By Katherine Burton and Saijel Kishan

Sept. 2 (Bloomberg) -- Ospraie Management LLC, the investment firm run by Dwight Anderson, will close its biggest hedge fund after it fell 38.6 percent this year because of losing wagers on commodity stocks, according to a letter to investors.

The Ospraie Fund lost 26.7 percent in August, after a ``substantial sell-off in a number of our energy, mining and resource equity holdings,'' Anderson, 41, wrote in the letter today.

``I am extremely disappointed with this result and the fund's sudden reversal in performance,'' he said. ``After nine years of striving to be a good steward of your capital, I am very sorry for this outcome.''

Anderson started the Ospraie Fund in 1999, when he worked at Tudor Investment Corp., the Greenwich, Connecticut-based hedge- fund company run by Paul Tudor Jones. He spun off from Tudor at the end of 2003.

The closing of the Ospraie Fund, which managed $2.8 billion as of the beginning of August, leaves the New York-based firm overseeing three remaining funds with more than $4 billion in assets, down from $9 billion in March.
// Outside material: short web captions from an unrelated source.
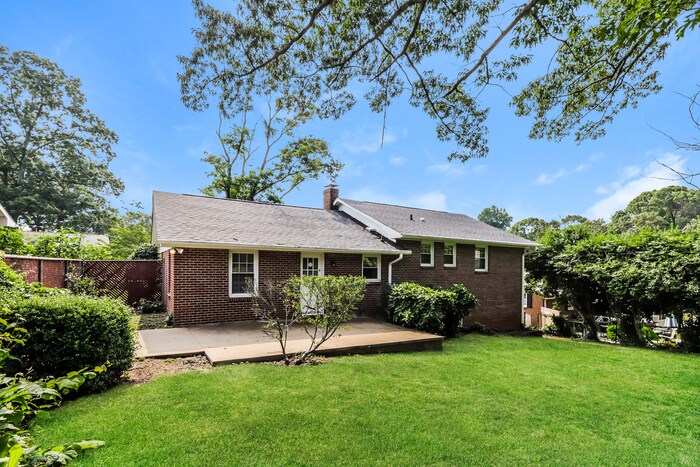 Building Photo - 1538 Abbey Ct SW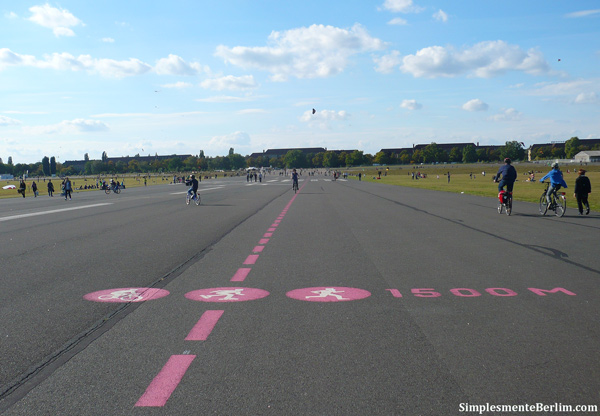 Tempelhofer Park (Parque Tempelhof)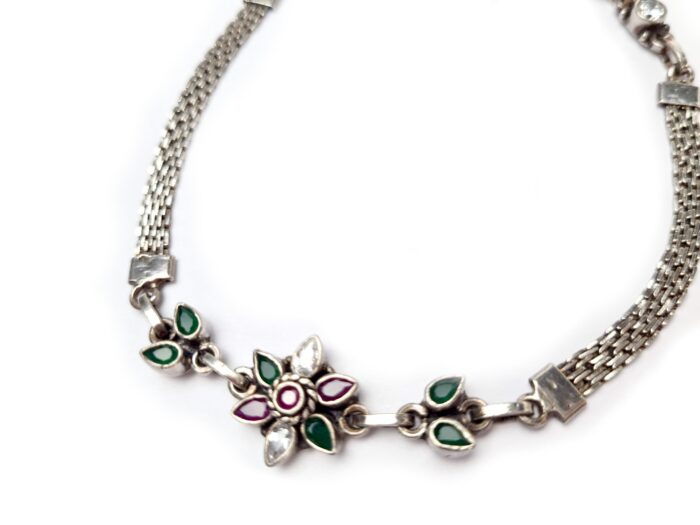 Tornozeleira indiana Anklet Rajnidhi prata com pedrarias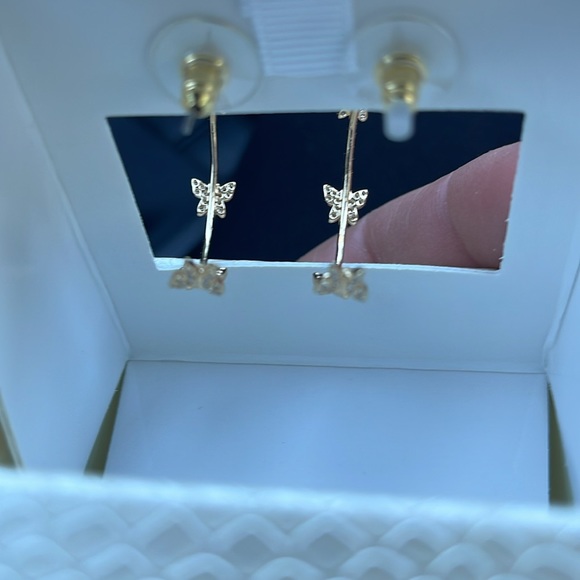 House of Harlow 1960 with CZ hoops. New - Picture 4 of 6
Jonathan Gasthalter, a spokesman for Ospraie, declined to comment.

Ospraie plans to return 40 percent of the closed fund's assets to investors by the end of September and another 40 percent by year-end, according to the letter. The remainder, mostly held in illiquid investments, will be returned ``as investments are realized sufficient to make distributions,'' Anderson wrote.

The fund suffered most of its losses this year since July, when the Reuters/Jefferies CRB Index of 19 commodity contracts fell 10 percent, the biggest monthly decline since 1980. The index has plunged 20 percent from its July 3 peak as prices for oil, wheat and natural gas fell.